### Action item
Write out exactly the lines below from the one containing "Turia Pitt Opens" to the last, both ends kept, and nothing more; skip all pictures.

▼

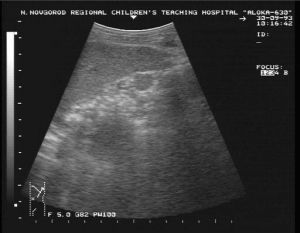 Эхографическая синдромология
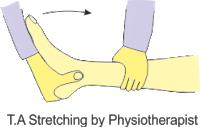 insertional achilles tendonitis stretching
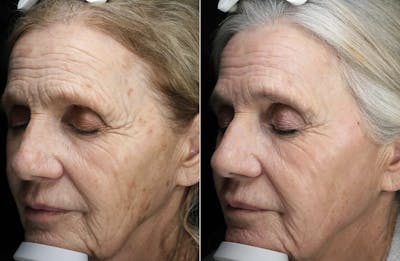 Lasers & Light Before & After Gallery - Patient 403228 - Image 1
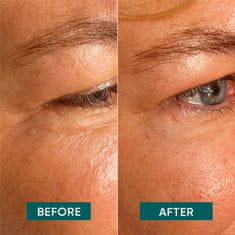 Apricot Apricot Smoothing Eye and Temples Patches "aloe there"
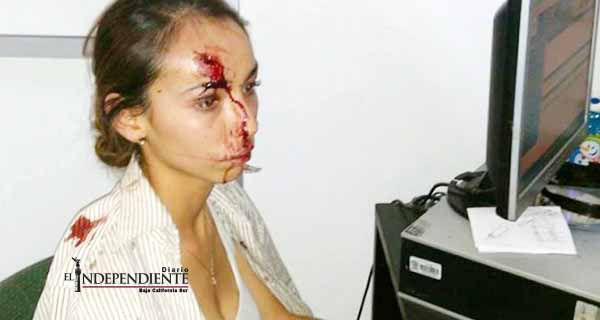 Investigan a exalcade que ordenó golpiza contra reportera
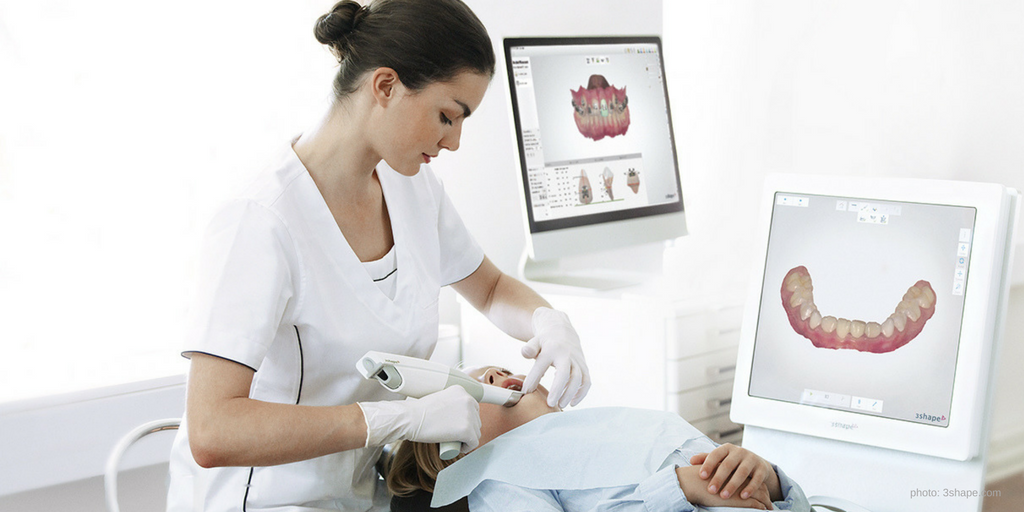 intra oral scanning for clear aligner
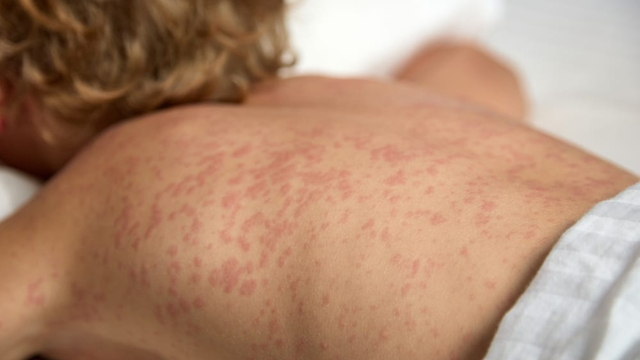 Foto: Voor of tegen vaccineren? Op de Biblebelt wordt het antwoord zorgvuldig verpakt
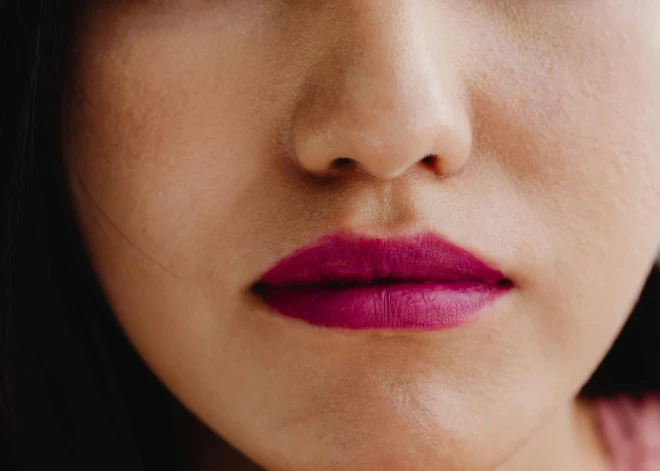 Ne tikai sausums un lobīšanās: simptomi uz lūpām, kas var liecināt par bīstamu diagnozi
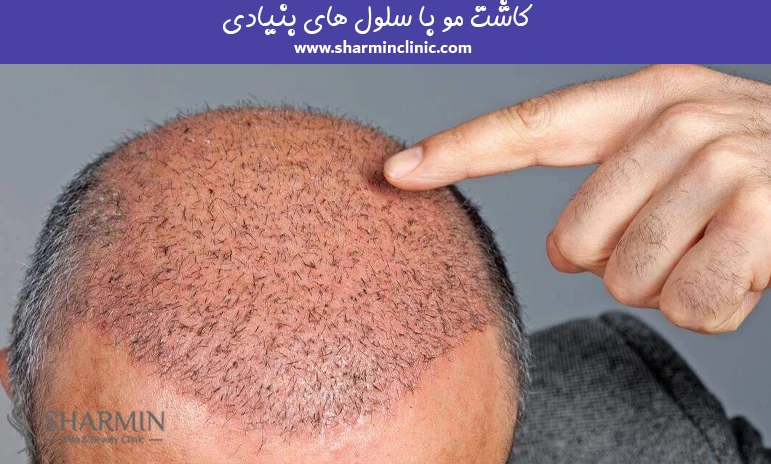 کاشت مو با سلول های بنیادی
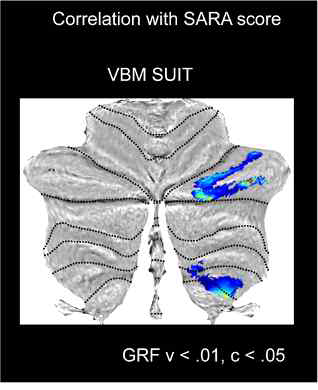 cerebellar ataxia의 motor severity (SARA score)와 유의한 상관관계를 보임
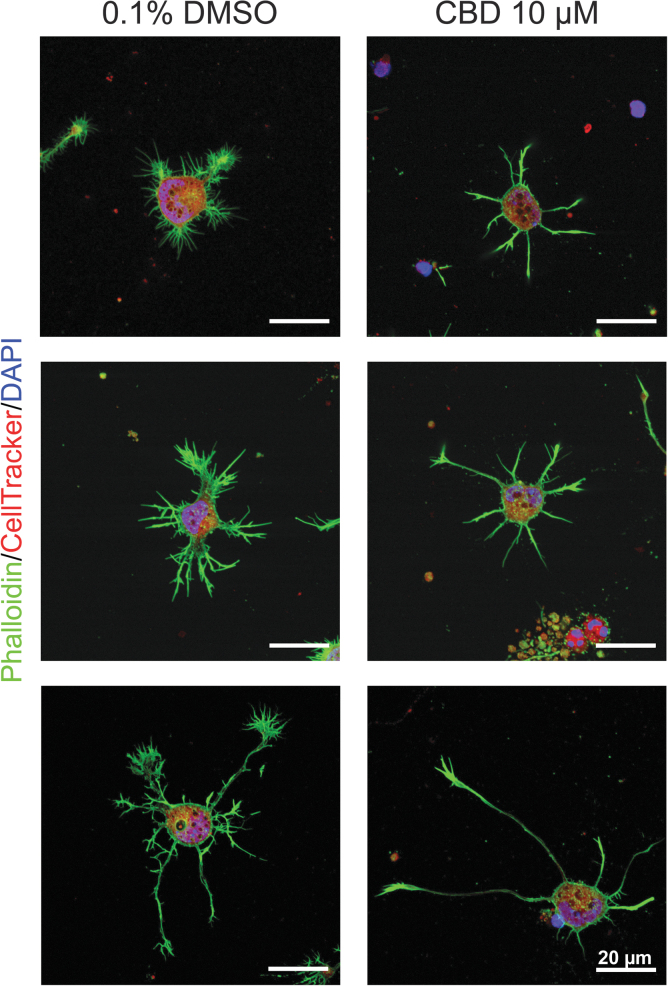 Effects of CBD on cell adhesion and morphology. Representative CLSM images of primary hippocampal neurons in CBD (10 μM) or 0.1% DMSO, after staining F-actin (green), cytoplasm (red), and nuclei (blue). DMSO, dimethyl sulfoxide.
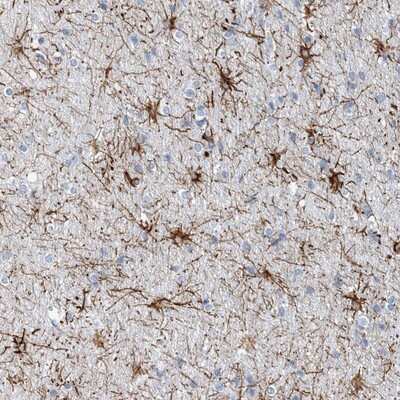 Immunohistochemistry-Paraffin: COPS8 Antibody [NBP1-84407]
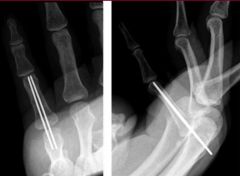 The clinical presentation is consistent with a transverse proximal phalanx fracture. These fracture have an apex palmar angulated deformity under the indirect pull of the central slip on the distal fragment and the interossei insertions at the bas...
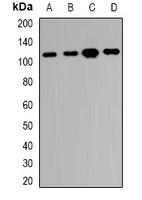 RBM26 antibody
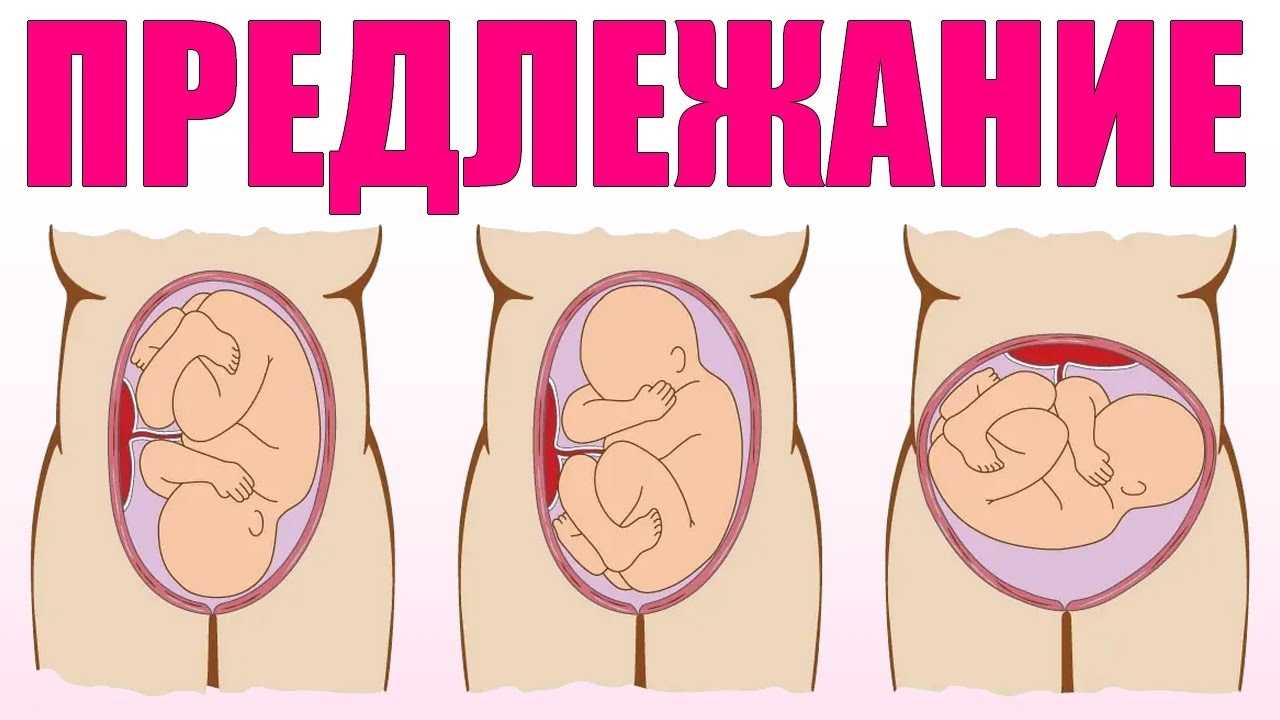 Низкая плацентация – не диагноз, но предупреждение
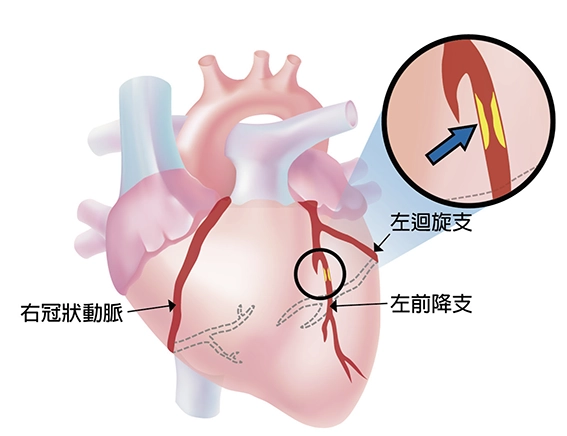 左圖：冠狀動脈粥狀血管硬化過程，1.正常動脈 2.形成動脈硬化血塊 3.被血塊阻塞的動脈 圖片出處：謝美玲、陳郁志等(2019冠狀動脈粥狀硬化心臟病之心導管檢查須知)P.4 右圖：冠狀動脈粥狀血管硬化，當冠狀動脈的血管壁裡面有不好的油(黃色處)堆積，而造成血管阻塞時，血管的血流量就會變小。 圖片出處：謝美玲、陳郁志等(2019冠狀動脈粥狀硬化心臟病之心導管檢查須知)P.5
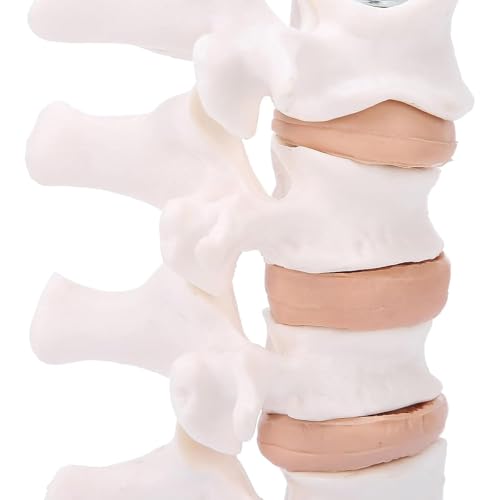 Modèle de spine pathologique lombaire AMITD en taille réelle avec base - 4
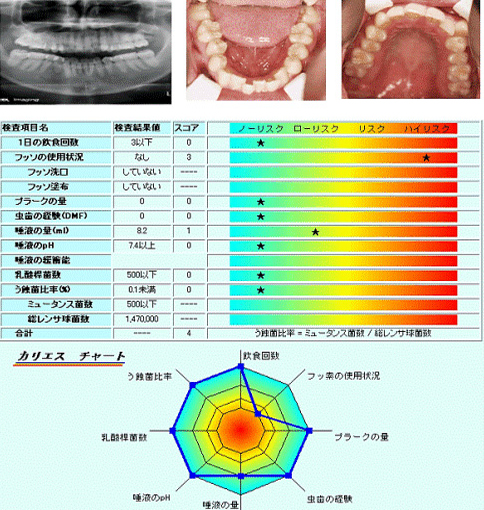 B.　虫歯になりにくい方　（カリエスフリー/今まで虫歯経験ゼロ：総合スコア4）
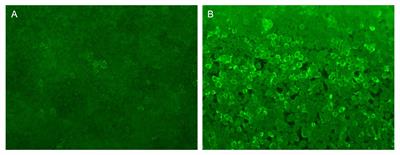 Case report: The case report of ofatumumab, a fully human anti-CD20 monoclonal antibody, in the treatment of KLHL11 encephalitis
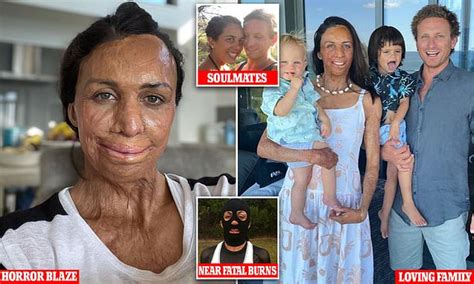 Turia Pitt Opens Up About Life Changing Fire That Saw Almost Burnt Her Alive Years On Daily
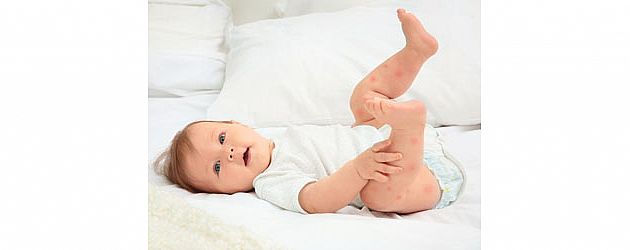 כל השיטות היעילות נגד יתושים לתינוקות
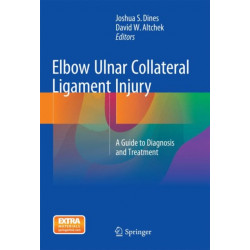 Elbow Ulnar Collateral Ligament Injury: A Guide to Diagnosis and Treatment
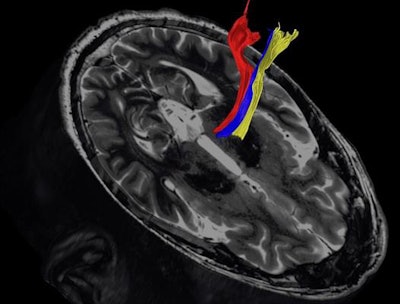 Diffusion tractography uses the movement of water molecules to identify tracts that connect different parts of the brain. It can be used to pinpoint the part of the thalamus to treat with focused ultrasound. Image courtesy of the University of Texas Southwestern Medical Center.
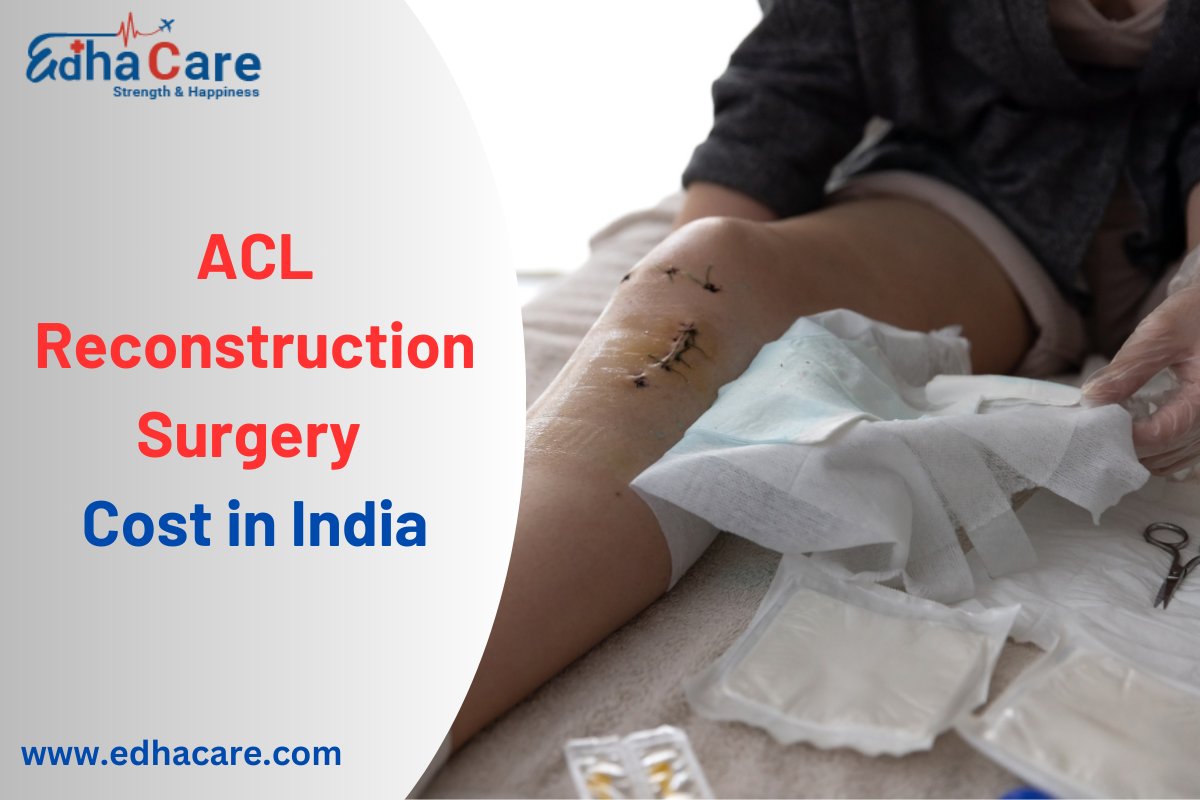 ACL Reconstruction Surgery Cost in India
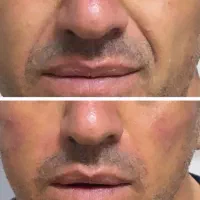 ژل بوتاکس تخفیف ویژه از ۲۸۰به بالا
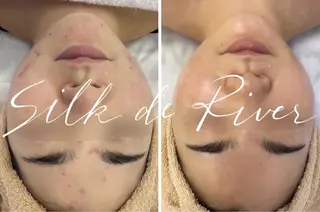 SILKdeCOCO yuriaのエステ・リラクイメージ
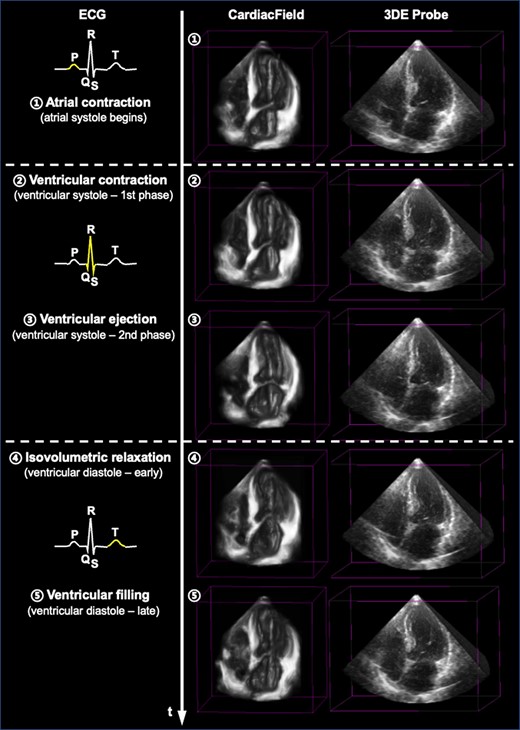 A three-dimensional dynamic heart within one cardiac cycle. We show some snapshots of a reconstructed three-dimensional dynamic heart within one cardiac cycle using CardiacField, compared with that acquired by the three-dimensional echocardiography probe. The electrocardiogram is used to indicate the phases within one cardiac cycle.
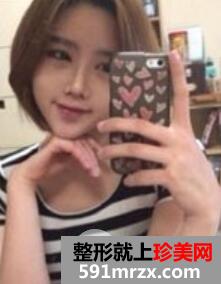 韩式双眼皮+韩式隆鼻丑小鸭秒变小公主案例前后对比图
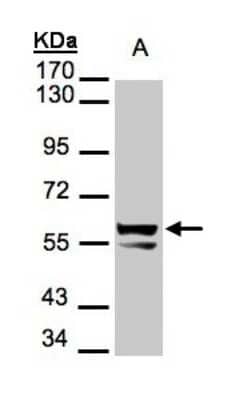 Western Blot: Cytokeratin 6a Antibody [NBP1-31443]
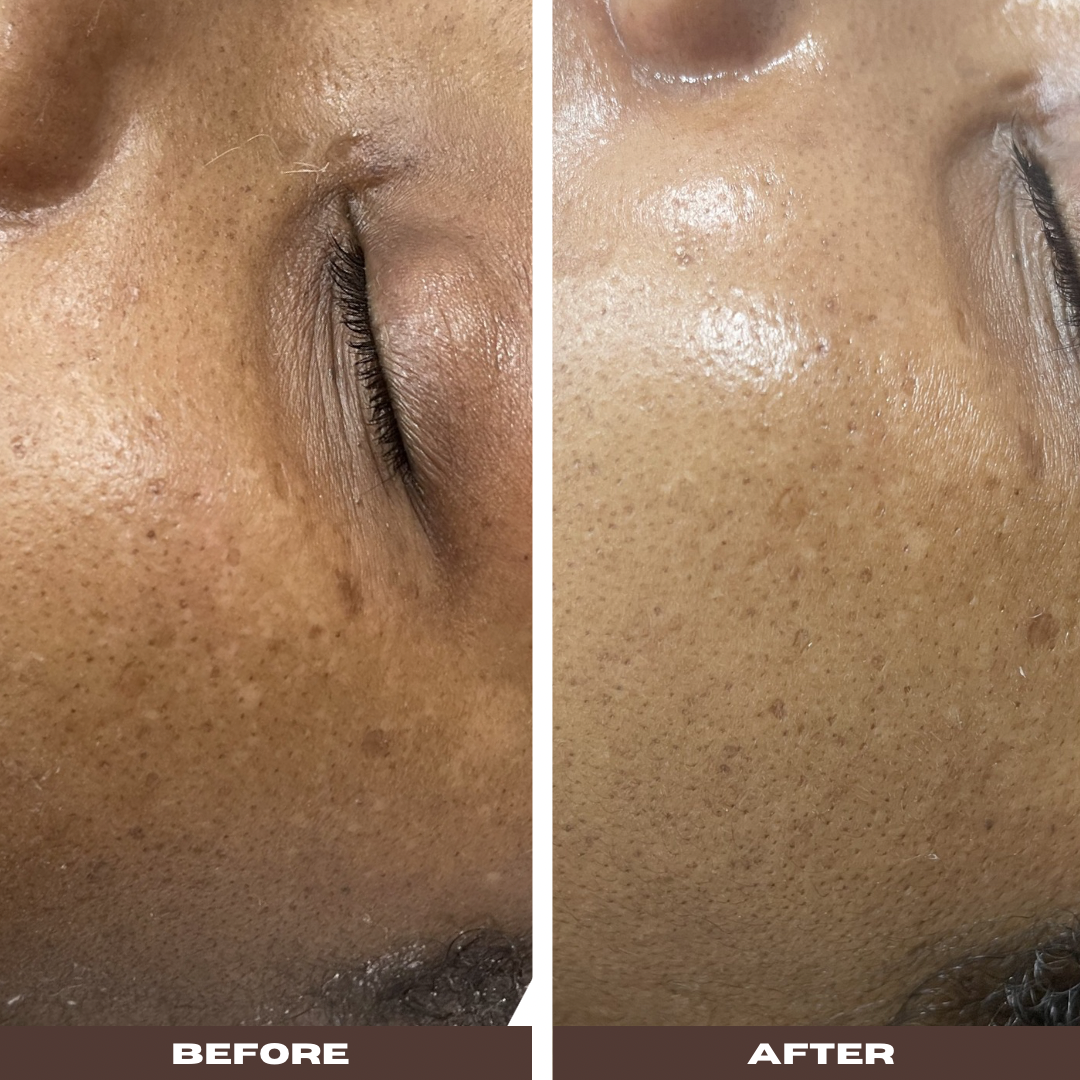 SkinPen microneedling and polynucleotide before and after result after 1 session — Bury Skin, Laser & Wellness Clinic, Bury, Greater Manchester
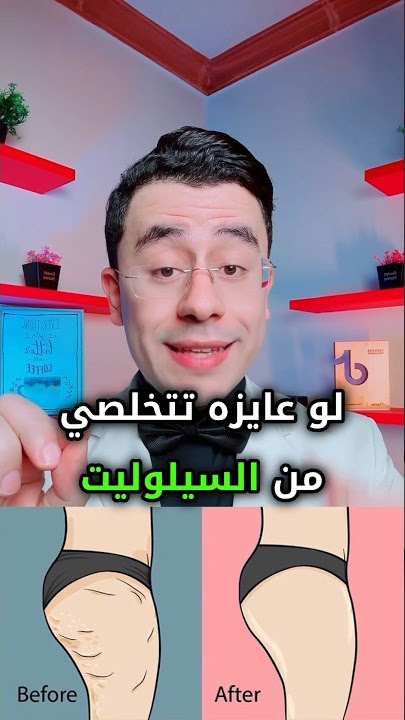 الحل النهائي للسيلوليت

▲

### Solved problem
 Turia Pitt Opens Up About Life Changing Fire That Saw Almost Burnt Her Alive Years On Daily
 כל השיטות היעילות נגד יתושים לתינוקות
 Elbow Ulnar Collateral Ligament Injury: A Guide to Diagnosis and Treatment
 Diffusion tractography uses the movement of water molecules to identify tracts that connect different parts of the brain. It can be used to pinpoint the part of the thalamus to treat with focused ultrasound. Image courtesy of the University of Texas Southwestern Medical Center.
 ACL Reconstruction Surgery Cost in India
 ژل بوتاکس تخفیف ویژه از ۲۸۰به بالا
 SILKdeCOCO yuriaのエステ・リラクイメージ
 A three-dimensional dynamic heart within one cardiac cycle. We show some snapshots of a reconstructed three-dimensional dynamic heart within one cardiac cycle using CardiacField, compared with that acquired by the three-dimensional echocardiography probe. The electrocardiogram is used to indicate the phases within one cardiac cycle.
 韩式双眼皮+韩式隆鼻丑小鸭秒变小公主案例前后对比图
 Western Blot: Cytokeratin 6a Antibody [NBP1-31443]
 SkinPen microneedling and polynucleotide before and after result after 1 session — Bury Skin, Laser & Wellness Clinic, Bury, Greater Manchester
 الحل النهائي للسيلوليت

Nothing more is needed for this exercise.